The head of a company that develops mobile apps is expecting a significant update to Windows Phone 7 in February. Among the changes: easing restrictions for third-party developers, which could increase the number of "long-tail" apps available for the phone.
The update will almost certainly add copy and paste, which has already appeared in an update pushed out to some developer-only handsets. It may also offer a better way for corporations to deploy homegrown apps--today they have to distribute them through the public marketplace.
Sierra_Dad
5:31 am on Dec 11, 2010 (gmt 0)
Equally important, said this person, it will loosen some of the odd restrictions on what apps can and cannot do.

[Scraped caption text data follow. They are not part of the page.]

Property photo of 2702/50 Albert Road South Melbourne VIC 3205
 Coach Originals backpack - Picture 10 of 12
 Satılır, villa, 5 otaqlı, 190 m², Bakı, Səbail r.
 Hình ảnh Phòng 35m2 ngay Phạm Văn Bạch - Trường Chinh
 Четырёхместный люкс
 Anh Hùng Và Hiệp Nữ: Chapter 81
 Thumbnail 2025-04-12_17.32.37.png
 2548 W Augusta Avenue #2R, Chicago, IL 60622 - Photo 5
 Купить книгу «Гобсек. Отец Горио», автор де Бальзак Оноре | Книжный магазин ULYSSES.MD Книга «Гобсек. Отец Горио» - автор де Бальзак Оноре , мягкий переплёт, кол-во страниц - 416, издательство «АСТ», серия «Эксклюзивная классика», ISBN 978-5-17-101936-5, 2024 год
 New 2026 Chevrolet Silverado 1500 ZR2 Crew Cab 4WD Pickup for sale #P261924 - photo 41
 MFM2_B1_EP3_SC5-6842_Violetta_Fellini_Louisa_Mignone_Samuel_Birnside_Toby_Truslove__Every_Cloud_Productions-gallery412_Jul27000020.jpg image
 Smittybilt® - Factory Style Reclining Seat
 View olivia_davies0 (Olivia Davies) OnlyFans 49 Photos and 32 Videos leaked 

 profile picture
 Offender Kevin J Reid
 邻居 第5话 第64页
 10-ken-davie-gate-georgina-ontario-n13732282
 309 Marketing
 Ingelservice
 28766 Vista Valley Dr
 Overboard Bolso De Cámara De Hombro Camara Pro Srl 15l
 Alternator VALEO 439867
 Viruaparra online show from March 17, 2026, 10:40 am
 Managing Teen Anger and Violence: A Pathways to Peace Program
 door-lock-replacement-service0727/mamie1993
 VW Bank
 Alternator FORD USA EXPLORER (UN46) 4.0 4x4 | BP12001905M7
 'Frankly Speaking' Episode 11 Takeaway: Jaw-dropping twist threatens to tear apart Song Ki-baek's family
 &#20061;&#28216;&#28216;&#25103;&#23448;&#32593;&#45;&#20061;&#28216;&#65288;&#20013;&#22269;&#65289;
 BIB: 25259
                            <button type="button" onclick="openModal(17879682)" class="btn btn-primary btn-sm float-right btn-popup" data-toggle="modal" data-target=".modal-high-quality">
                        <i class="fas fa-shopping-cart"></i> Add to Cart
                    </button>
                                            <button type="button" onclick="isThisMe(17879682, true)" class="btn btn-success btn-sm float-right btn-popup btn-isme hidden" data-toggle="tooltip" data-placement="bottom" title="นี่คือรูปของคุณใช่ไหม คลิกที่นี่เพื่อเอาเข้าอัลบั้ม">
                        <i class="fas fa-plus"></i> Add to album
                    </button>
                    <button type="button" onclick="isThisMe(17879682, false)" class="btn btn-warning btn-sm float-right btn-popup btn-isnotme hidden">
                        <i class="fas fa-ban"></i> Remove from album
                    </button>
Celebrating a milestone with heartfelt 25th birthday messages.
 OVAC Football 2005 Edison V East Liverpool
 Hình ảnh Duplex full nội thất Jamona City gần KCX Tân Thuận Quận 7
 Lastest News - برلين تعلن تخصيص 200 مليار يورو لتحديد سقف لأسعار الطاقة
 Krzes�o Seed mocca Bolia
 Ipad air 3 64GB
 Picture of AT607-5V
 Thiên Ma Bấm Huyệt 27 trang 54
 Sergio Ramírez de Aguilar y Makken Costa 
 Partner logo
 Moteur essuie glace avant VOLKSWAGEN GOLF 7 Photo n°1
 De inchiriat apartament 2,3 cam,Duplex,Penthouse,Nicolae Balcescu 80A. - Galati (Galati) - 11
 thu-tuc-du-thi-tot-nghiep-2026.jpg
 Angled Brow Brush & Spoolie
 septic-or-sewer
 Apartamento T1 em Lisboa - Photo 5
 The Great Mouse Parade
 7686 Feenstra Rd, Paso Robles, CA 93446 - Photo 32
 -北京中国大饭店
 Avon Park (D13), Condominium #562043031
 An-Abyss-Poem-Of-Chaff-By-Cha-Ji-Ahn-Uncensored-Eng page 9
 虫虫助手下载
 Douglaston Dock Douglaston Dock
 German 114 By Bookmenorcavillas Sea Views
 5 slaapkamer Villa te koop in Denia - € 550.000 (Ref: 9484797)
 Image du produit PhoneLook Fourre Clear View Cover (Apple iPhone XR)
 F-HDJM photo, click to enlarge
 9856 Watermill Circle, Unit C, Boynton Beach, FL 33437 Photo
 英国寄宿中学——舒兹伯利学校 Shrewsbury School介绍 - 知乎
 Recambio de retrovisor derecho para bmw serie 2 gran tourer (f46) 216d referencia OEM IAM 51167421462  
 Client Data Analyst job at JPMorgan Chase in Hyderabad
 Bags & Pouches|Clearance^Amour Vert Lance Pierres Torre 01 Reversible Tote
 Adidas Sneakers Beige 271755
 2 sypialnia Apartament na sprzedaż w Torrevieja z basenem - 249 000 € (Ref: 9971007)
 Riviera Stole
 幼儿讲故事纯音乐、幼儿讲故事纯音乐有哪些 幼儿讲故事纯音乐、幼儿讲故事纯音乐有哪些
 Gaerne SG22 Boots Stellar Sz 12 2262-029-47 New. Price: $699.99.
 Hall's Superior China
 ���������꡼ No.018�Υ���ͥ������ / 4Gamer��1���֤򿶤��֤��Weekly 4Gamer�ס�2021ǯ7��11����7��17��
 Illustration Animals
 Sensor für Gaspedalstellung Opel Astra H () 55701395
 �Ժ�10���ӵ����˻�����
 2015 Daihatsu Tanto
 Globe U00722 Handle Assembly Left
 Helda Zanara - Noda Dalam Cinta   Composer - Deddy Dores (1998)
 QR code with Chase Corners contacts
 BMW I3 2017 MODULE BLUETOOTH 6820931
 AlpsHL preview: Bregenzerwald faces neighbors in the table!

For instance, applications can store data locally. But if they want to let users download files, such as music or Office documents, to local storage the applications have to do it through the Web browser.
Seriously? Well I'm glad I didn't start developing before they eased that. What fun, my app would be opening the browser 2000 times in a half hour.
Harry
1:59 am on Jan 6, 2011 (gmt 0)
Why are you posting so much WP7 links and info here, while ignoring the real development and innovation that's happening elsewhere? I understand there is a bias for WP7 around these parts, but it's definitely the place where the innovation in mobile OSes is coming from.
Sierra_Dad
9:31 pm on Jan 6, 2011 (gmt 0)
I don't find three WP7 links in a month, to be excessive. I'm doing nothing with WP7 now, but I am curious to see developments.
I don't think engine is the only one allowed to post links to this forum, so if you would like to see more discussion of where the innovation is really happening, maybe you can post some links too.